Bei der Auswahl von Raritäten für eine gepflegte Kaiserreich-Sammlung sollten Sammler auf „Klasse statt Masse“ setzen – vor allem, wenn sie ihre Sammelleidenschaft mit dem Investment-Gedanken verbinden und ihre Kollektion eines Tages mit Gewinn weiterverkaufen möchten. Von „sehr schön“ über „vorzüglich“ bis „Stempelglanz“ reicht die Klaviatur der Erhaltungsgrade – und je höher eine Münze eingestuft wird, desto besser ist es für die künftige Wertentwicklung. Grundsätzlich ist die Wahl des Kaiserreichs als Sammelgebiet clever, denn die Epoche ab 1871 zählt zu den beliebtesten Themen innerhalb der deutschsprachigen Numismatik und seltene Exemplare erzielen seit Jahren bei Auktionen erstaunliche Ergebnisse.
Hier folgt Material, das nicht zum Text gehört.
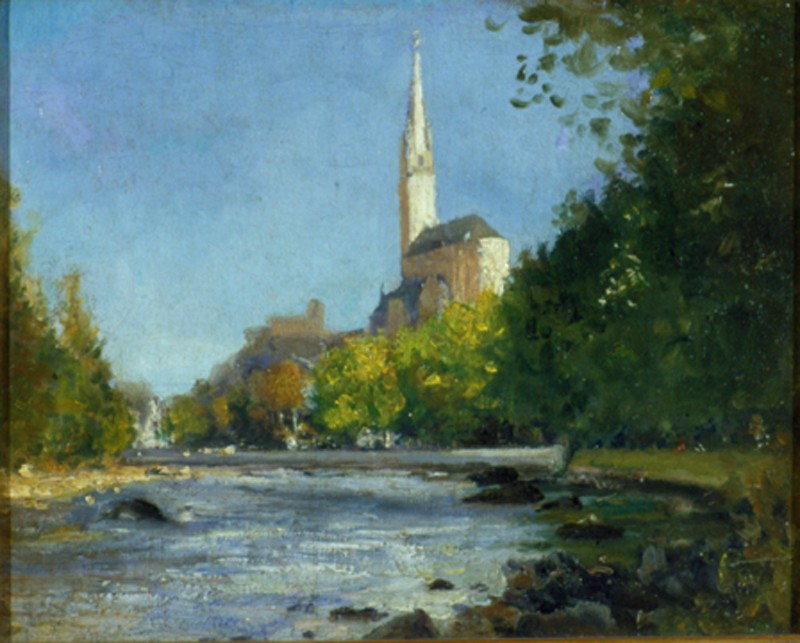 La Basílica de Lourdes desde el Río Gave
Der Goldstandard: Edelmetalle als Vertrauensgarant
Hierzulande erinnern sich viele Münzfreunde aus einem speziellen Grund besonders gern an die Zeit des Deutschen Kaiserreichs zurück: Damals hatte Gold als Währungsreserve einen völlig anderen Stellenwert als heutzutage. Die Mark als Währung des Kaiserreichs war mit Gold gedeckt – jeder Deutsche konnte also zur Bank gehen und seine Kleinmünzen sowie Banknoten gegen eine festgelegte Menge Gold umtauschen. Diese Golddeckung wurde auch durch den Goldgehalt der Münzen zu zehn und 20 Mark verdeutlicht. Dadurch waren die Goldmünzen aus dem Kaiserreich auch fernab der Heimat als Zahlungsmittel im Einsatz.
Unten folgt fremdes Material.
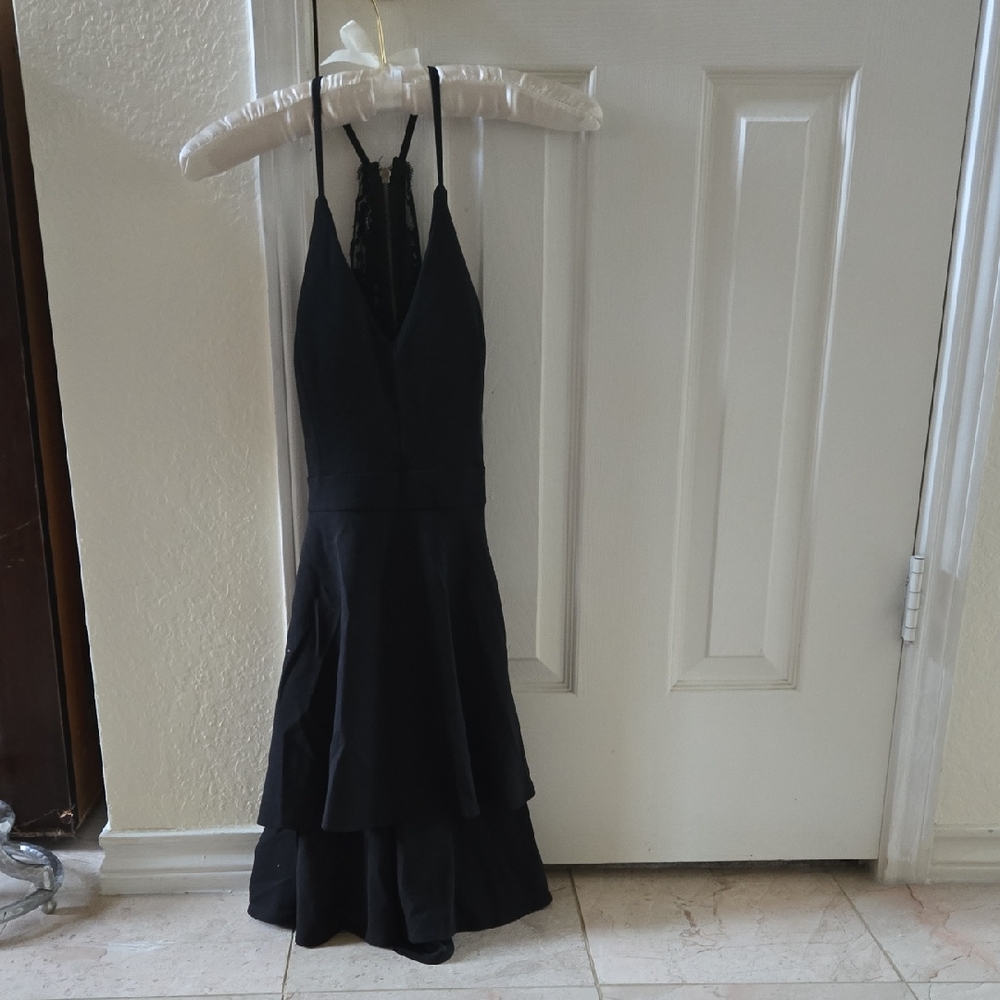 B Darlin Black Tiered Mini Dress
Ein Blick in die Geschichte macht deutlich, dass Gold stets ein zuverlässiger Stabilitätsanker für die Währungspolitik war. Der Niedergang der Mark kam allerdings kurz vor Ausbruch des Ersten Weltkrieges, als die Pflicht der Reichsbank zur Einlösung von Banknoten und zum Umtausch in Gold praktisch über Nacht aufgehoben wurde. Das Vertrauen in die Währung sank rapide und die Menschen im Reich bunkerten das Gold, welches sie noch besaßen. Wer damals wenigstens die eine oder andere Goldmünze retten und verstecken konnte, hatte Glück – denn nach dem Ersten Weltkrieg machte die Hyperinflation von 1923 schmerzhaft deutlich, welche Folgen die Staatsfinanzierung mit der Notenpresse für die Bevölkerung hat. Es folgten Armut und Elend und die Radikalisierung der öffentlichen Meinung wurde vorangetrieben. Nicht zuletzt deshalb sehnen sich immer mehr Menschen in Deutschland nach einer goldgedeckten Währung zurück – und weil es diese wohl auf absehbare Zeit nicht geben wird, behelfen sich langfristig orientierte Anleger damit, Teile ihres Vermögens in Goldmünzen umzuschichten. So lebt die Legende des deutschen Goldstandards auch im Jahr 2021 weiter.